9. INDEMNITY (a) Seller shall defend and indemnify Buyer from and against
all damages, liabilities, costs and expenses (including reasonable attorneys'
fees and costs) arising out of any third party claim that the manufacture, sale
or use of the Products purchased hereunder infringes a patent, trademark,
copyright or trade secret of such party, provided that (i) Buyer shall have
reasonably promptly provided Seller written notice of any third party claims of
which it becomes aware and reasonable cooperation, information and assistance in
connection therewith, and (ii) Seller shall have sole control and authority with
respect to the defense, settlement or compromise thereof. Should the Product
become, or in Seller's reasonable opinion, be likely to become the subject of
such a claim, Seller may, at its option, either procure at no cost to Buyer for
Buyer the right to continue purchasing and using such Product, or replace or
modify such Product so that it becomes non-infringing, or declare such product a
Non-Competitive Product under this Agreement.
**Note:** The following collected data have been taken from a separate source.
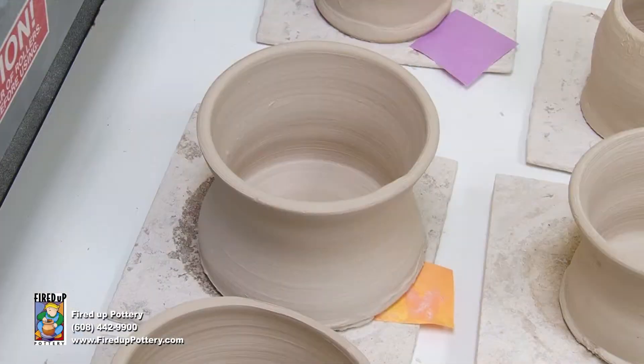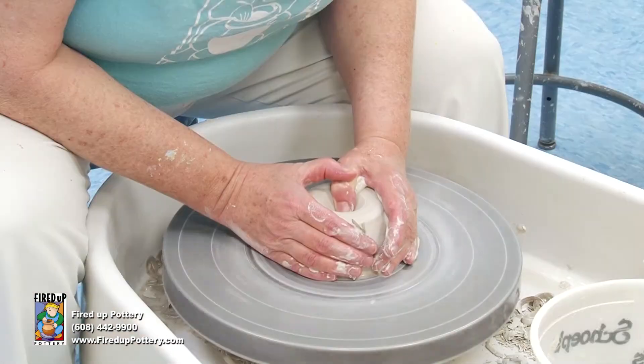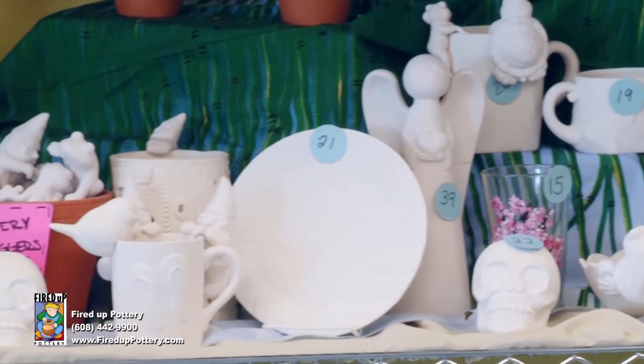Making a pot on the pottery wheel is at the top of everyone's bucket list. Fired Up Pottery can help you with that. Schedule a Try It Wheel class as a date night, birthday party, or anniversary gift.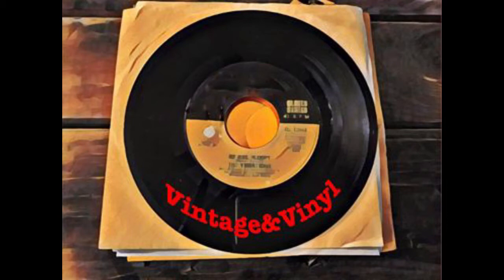Just let me hear some of that rock and roll music, any old way you choose it. Hello, this is Katie with Vintage and Vinyl and I'll be spinning some rockin' 50s records every week here on my channel, as well as sharing some cool Coca-Cola collectibles and other neat vintage finds. Stay tuned!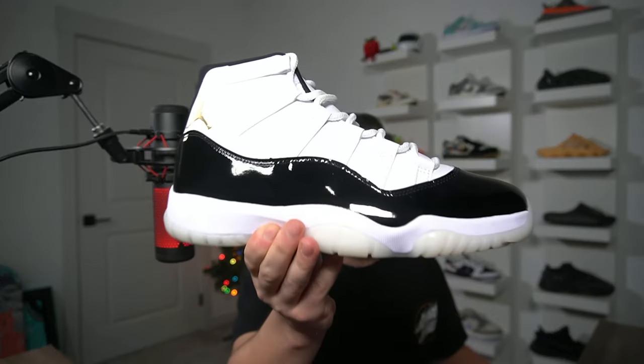Let's start with sizing. I put these on true to size and it was perfect for me. I felt like I had plenty of room. If I didn't have half a size on these, they would have been flopping around on my feet. When I had them loose-laced, I had to tie them just to wear them.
(b) Seller agrees, at its expense, to defend Buyer from, and pay any
judgment for, any third party suit, claim or proceeding (hereinafter "Buyer
Claim") against Buyer alleging that any of the Products sold to Buyer hereunder
either (i) violates any applicable safety or regulatory standard, or (ii) has
caused injury or damage to the person or property of another arising from
defects in materials, formulation or the manufacture of any of the Products,
including without limitation the
-----------------------------
*** Terms represented by this symbol are considered confidential. These
confidential terms have been omitted pursuant to a Confidential Treatment
Request filed with the Securities and Exchange Commission ("SEC") and have been
filed separately with the SEC.
Page 3
failure to manufacture the Products in accordance with the specifications and
samples for such products; provided that Seller is reasonably promptly notified
in writing of any Buyer Claim, given all reasonable assistance required, and
permitted to direct the defense. Seller shall have no liability for settlements
or costs incurred without its consent. Notwithstanding anything herein to the
contrary, Buyer's failure to reasonably promptly notify Seller of a third party
claim shall release Seller from its duty to indemnify Buyer against such a claim
hereunder only to the extent that Seller's defense of such claim was materially
prejudiced by such delay.
(c) Buyer agrees, at its expense, to defend and indemnify Seller from any
and all damages, liabilities, costs and expenses (including reasonable attorneys
fees and costs) arising out of, and pay any judgment for, any third party suit,
claim or proceeding (hereafter "Seller Claim") against Seller alleging that any
Product sold hereunder has caused injury or damage to the person or property of
another arising from (i) the gross negligence or willful misconduct of Buyer, or
(ii) a violation of any laws applicable to Buyer (except to the extent that such
violation is caused by Seller's breach of its representations and warranties
hereunder); provided that Buyer is reasonably promptly notified of any Seller
Claim, given all reasonable assistance required, and permitted to direct the
defense. Buyer shall have no liability for settlements or costs incurred without
its consent. Notwithstanding anything herein to the contrary, Seller's failure
to reasonably promptly notify Buyer of a third party claim shall release Buyer
from its duty to indemnify Seller against such a claim hereunder only to the
extent that Buyer's defense of such claim was materially prejudiced by such
delay.
10. TIMELINESS OF SHIPMENT. In the event that Seller is unable to ship an
order within *** of the requested delivery date, then Seller shall so inform
Buyer and Buyer, in lieu of any other remedy, shall then be entitled to cancel
such PO and to purchase all of such order from some other source of supply;
provided, however, that to the extent that *** then, with respect to such
customer, the Products contained in such shipments shall become Non-Competitive
Products for the purposes of this Agreement.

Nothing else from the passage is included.